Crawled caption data
========
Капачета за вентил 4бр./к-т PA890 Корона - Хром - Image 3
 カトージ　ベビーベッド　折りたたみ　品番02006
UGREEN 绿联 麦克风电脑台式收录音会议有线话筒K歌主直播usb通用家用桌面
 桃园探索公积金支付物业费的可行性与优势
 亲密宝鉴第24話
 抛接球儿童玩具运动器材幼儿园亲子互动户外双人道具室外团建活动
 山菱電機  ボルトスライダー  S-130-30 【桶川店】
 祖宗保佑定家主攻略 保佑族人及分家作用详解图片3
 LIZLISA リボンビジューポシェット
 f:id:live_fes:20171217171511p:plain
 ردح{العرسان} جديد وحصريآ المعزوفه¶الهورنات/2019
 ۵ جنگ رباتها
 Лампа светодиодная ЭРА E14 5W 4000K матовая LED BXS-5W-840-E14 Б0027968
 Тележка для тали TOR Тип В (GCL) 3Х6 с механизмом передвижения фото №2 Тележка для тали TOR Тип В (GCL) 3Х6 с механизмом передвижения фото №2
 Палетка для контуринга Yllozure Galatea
========
Only the final stretch of the entries above is needed: print exactly the lines from the line containing "UGREEN 绿联 麦克风电脑台式收录音会议有线话筒K歌主直播usb通用家用桌面" through the last one.

◆ Response box
UGREEN 绿联 麦克风电脑台式收录音会议有线话筒K歌主直播usb通用家用桌面
 桃园探索公积金支付物业费的可行性与优势
 亲密宝鉴第24話
 抛接球儿童玩具运动器材幼儿园亲子互动户外双人道具室外团建活动
 山菱電機  ボルトスライダー  S-130-30 【桶川店】
 祖宗保佑定家主攻略 保佑族人及分家作用详解图片3
 LIZLISA リボンビジューポシェット
 f:id:live_fes:20171217171511p:plain
 ردح{العرسان} جديد وحصريآ المعزوفه¶الهورنات/2019
 ۵ جنگ رباتها
 Лампа светодиодная ЭРА E14 5W 4000K матовая LED BXS-5W-840-E14 Б0027968
 Тележка для тали TOR Тип В (GCL) 3Х6 с механизмом передвижения фото №2 Тележка для тали TOR Тип В (GCL) 3Х6 с механизмом передвижения фото №2
 Палетка для контуринга Yllozure Galatea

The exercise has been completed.